Wednesday, March 9, 2011

Back Loading as a Writing Device

Still time to join the party—leave a recipe on this post from 3/7 and be entered to win a query critique by my agent Vickie Motter, a first page critique from Laura Pauling, a first page critique by me, or a signed copy of one of my nonfiction books.

A year ago I took a class on rhetorical devices with Margie Lawson through WriterU. I learned a ton of strategies, some of which I’m still processing. If you have a chance to take this class, I highly recommend it!

One of the best tools I learned from Margie is the concept of back loading a sentence. Basically, this is putting the most important word in the sentence last, thereby ending with the most powerful word. Sometimes you have to play around with it.

As Charles watched, the flames consumed his childhood home.

As Charles watched, his childhood home surrendered to the flames.

Ok, maybe not the best example, but you get the idea. In some situations it might depend on what concept or word is the most important. Do you want to leave the reader with the word “home” or the word “flames”? What’s the next sentence? If you find yourself ending sentences with weak words, try playing around with it to make it stronger.

As I’m working through the revision notes from my agent, I’m finding places where I could have back loaded a sentence but didn’t. The MS is slowly evolving. (see what I did there? I could have said "evolving slowly" but I think "evolving" is the most important word. So I back loaded.) :)
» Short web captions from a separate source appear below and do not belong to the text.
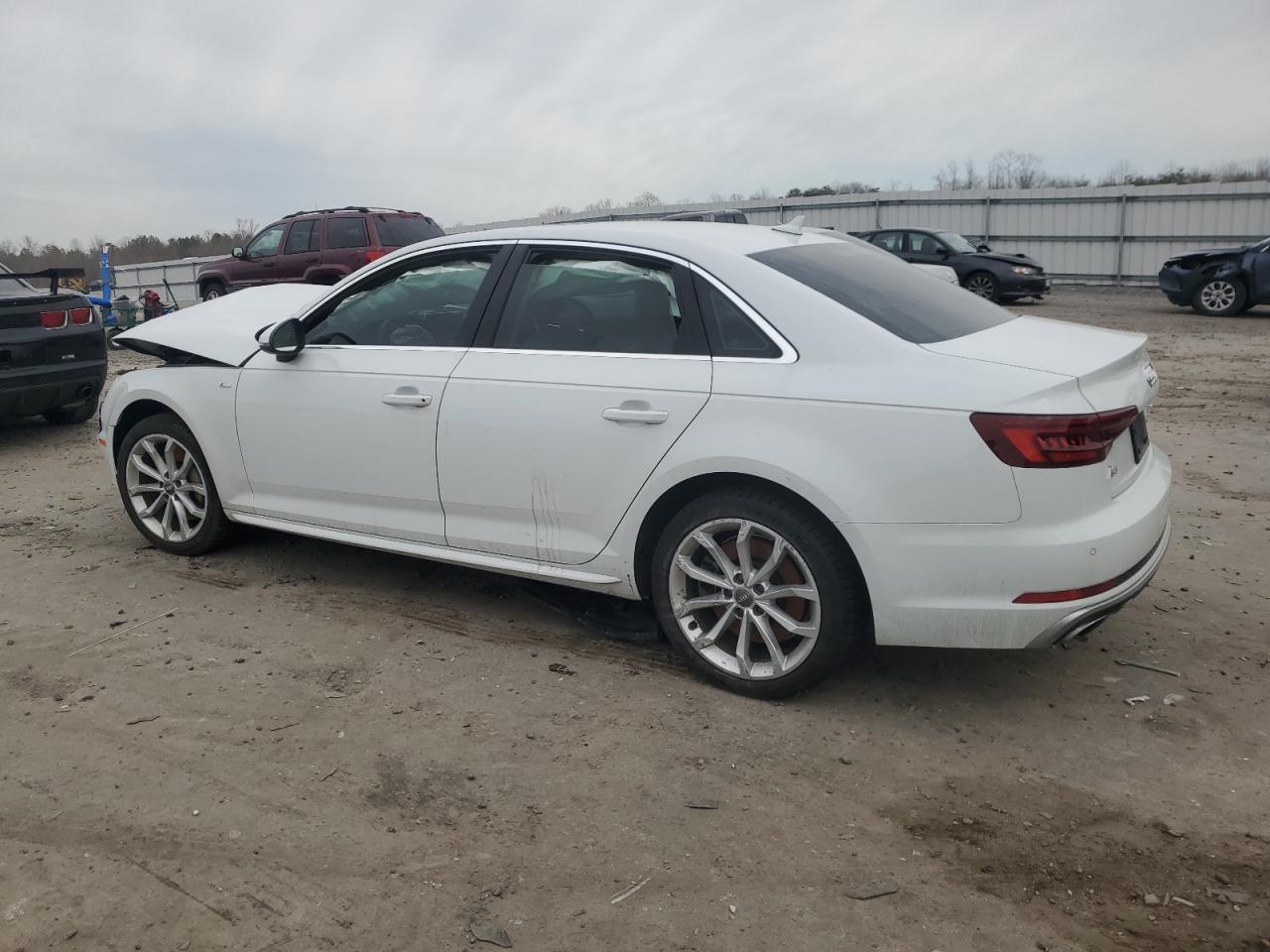 2019 Audi A4 VIN WAUENAF42KA056085 Copart auction photo, front end / minor dent/scratches damage thumbnail 2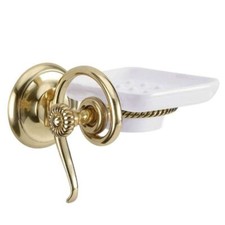 Seifenschale Messing poliert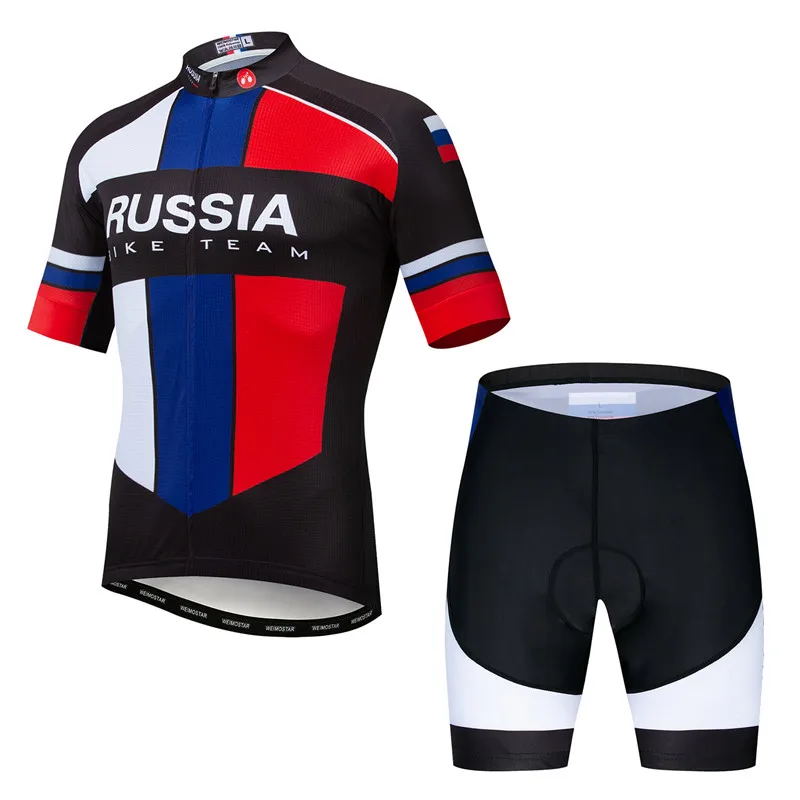 Weimostar, русская команда, одежда для велоспорта, мужская, дышащая, Pro, комплект для велоспорта, анти-пот, одежда для велоспорта, одежда для гонок, спорта, MTB, велосипеда - Цвет: Russia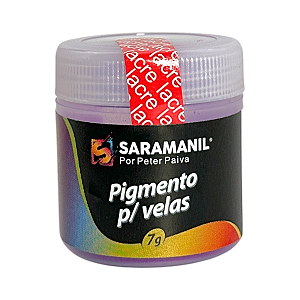 Pigmento em Pó para Velas 7g Violeta Saramanil não migra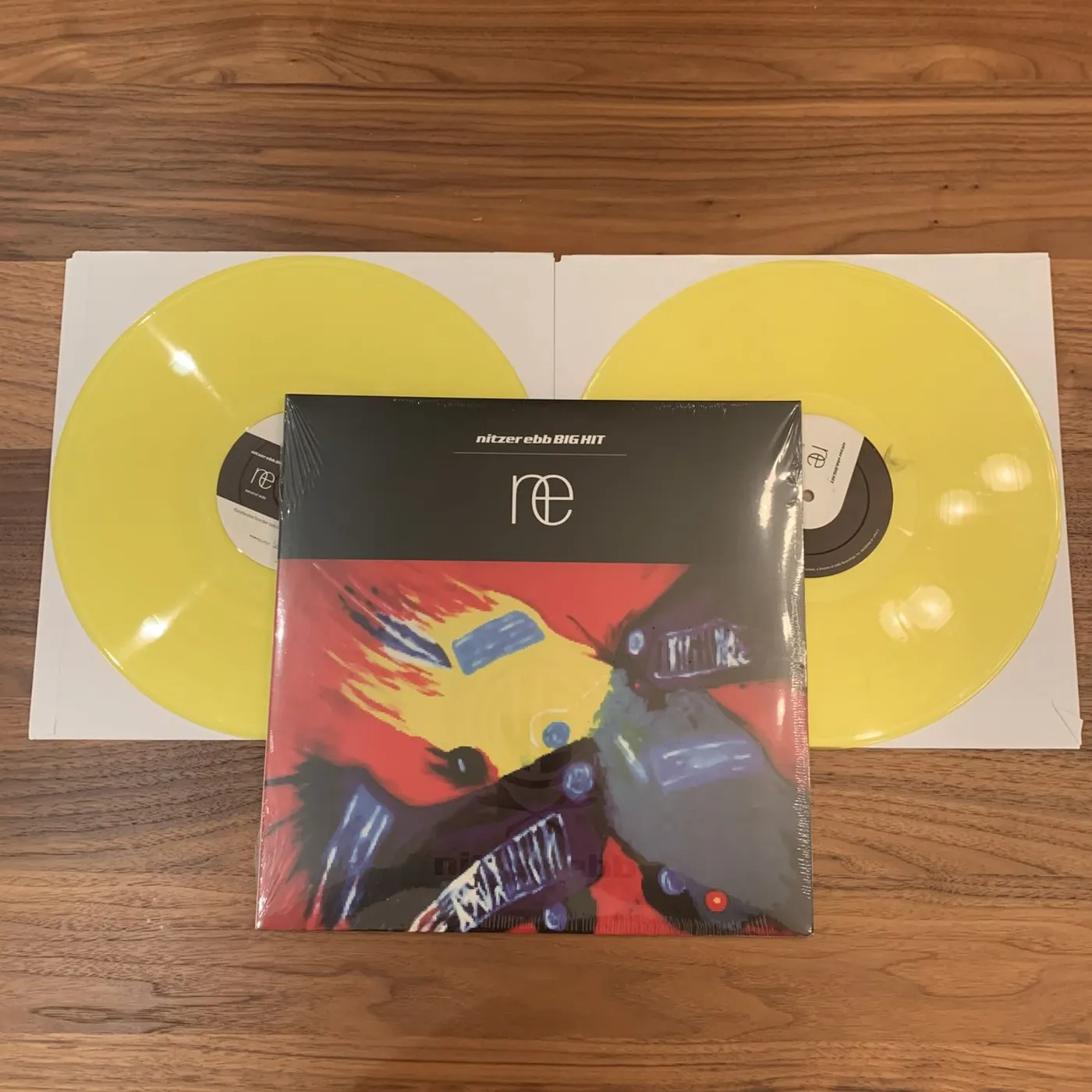 Nitzer Ebb / Big Hit (2018 Remaster) - Yellow 2LP Vinyl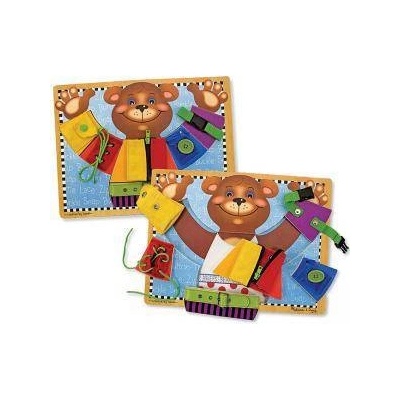 Melissa & Doug Активити игра - Дървен борд за Основни умения, 13784 Melissa and Doug, 000772137843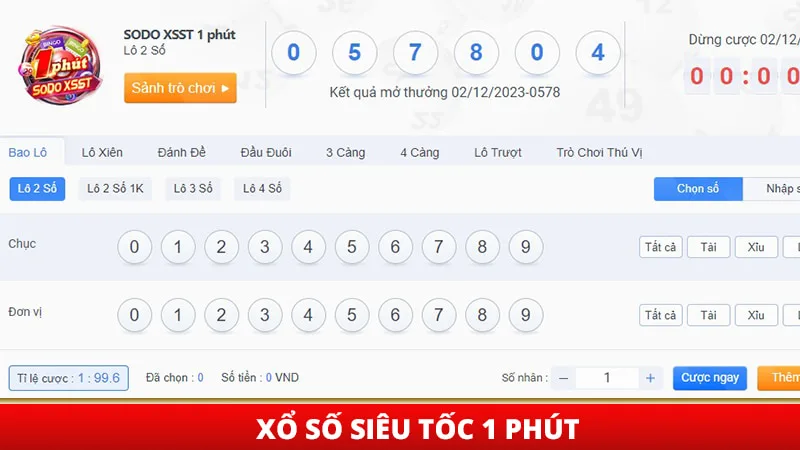 Xổ số siêu tốc 1 phút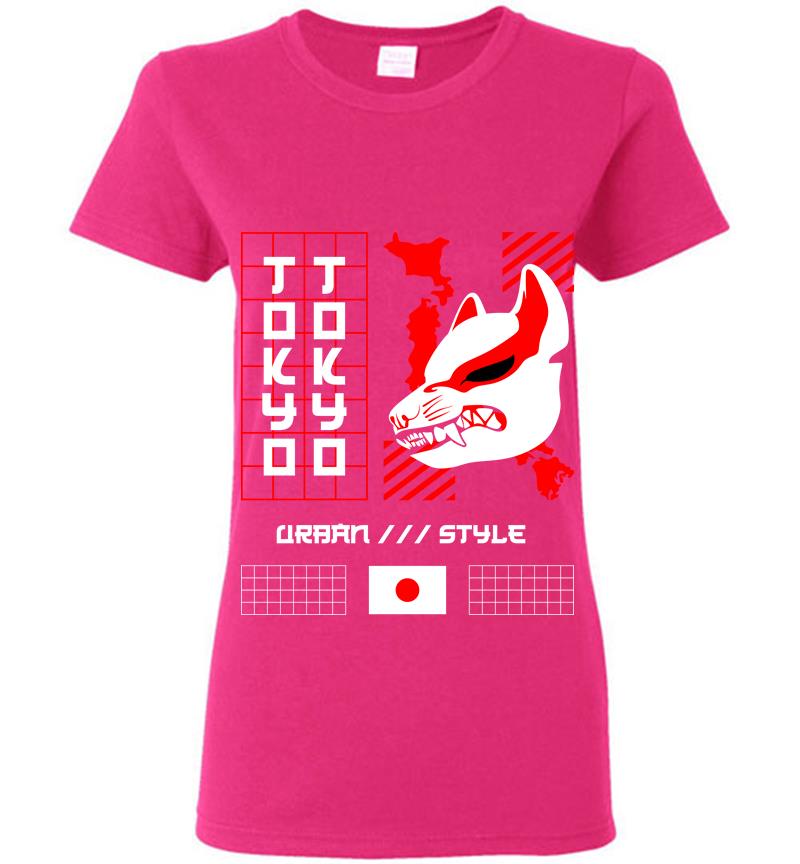 Inktee Store - Tokyo Urban Style Women T-Shirt Image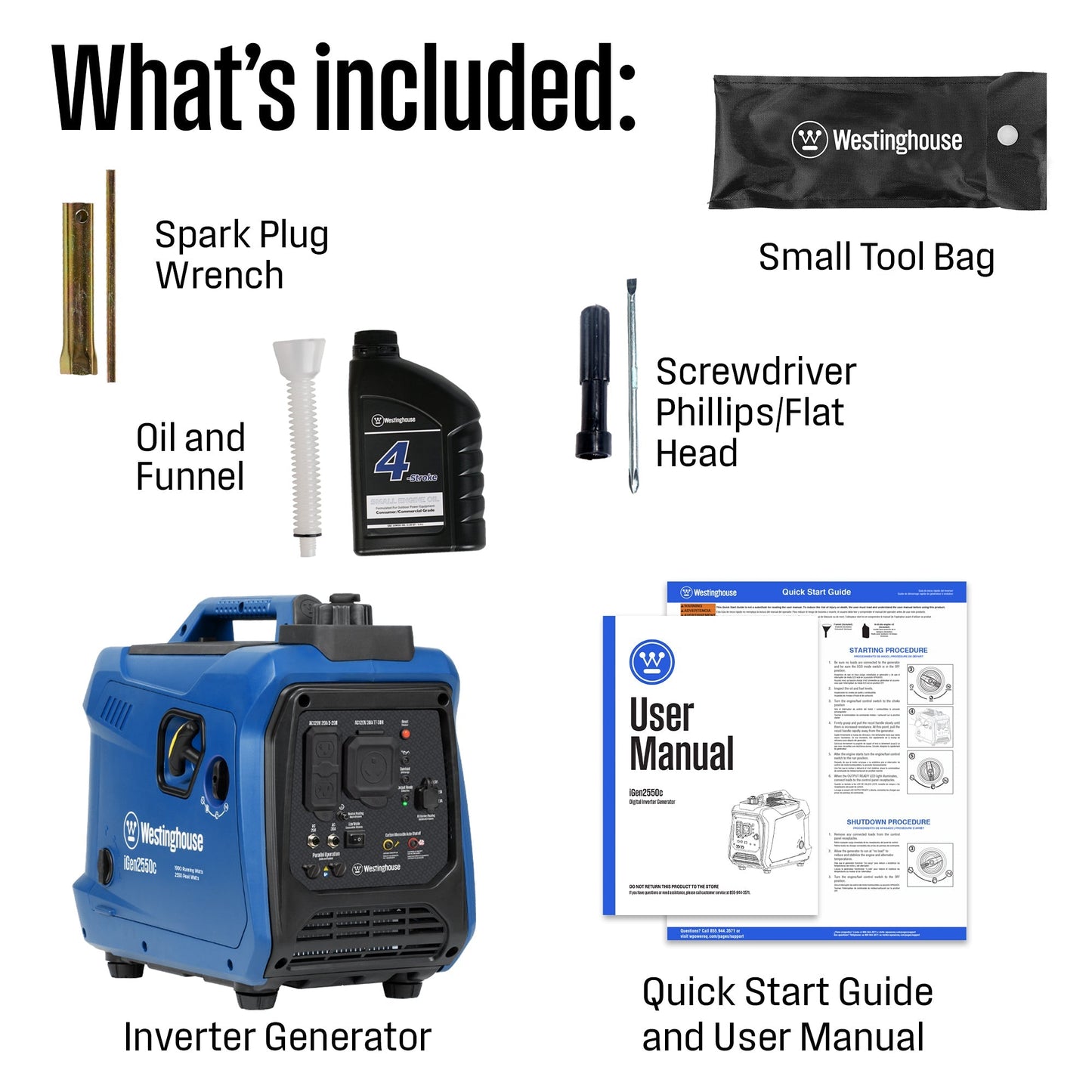 iGen2550c Inverter Generator with CO Sensor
Update: Here's a link to Margie Lawson's blog.


Laura Pauling said...

I love Margie's classes. And you can purchase the packets for - I think - 20 dollars off her website. well worth the money. Backloading is just one of many of the techniques you'll learn to add more emotion and power to your story! i recommend it too!

Kristine Asselin said...

Thanks, Laura! You're right, you can purchase Margie's packet. I found it more helpful than some published books on craft!

mooderino said...

Thanks for the tip, I'm going to try it out, see if it works for me.

Lori M. Lee said...

Great advice! This is going beyond grammar and really picking your words carefully to show off your craft. Thanks so much!

Kristine Asselin said...

Mood, Lori -- Glad you found it helpful. Thanks for stopping by!

Ansha Kotyk said...

Margie's classes are the best! You're reminding me to go back and reread the class notes (Margie's info packets are literally packed with info and examples!)
Here's a link to an interview I did with Margie regarding her classes.

Tina Laurel Lee said...

Such a useful post! I'm gonna check my sentences out.

Cambria Dillon said...

Oooh, I'll have to check out Margie's packet. I'd heard of this technique before but didn't realize it had a fancy name! Good stuff. Thanks for sharing and good luck with your revisions!

Kristine Asselin said...

Definitely check out Margie's packets, well worth the investment. I love this technique. It really makes you think about how to structure your sentences.

Sophia Chang said...

hahahaha you and I were in the same class! I printed out all the chapters (except Ch 1, which I can't seem to find - ack!) but I haven't finished reading the binder I meticulously put together for the class. Still 2 chapters to go. It takes forever to highlight and tag the dense material.

I definitely worked on the ms I'm querying in that class. What did you work on?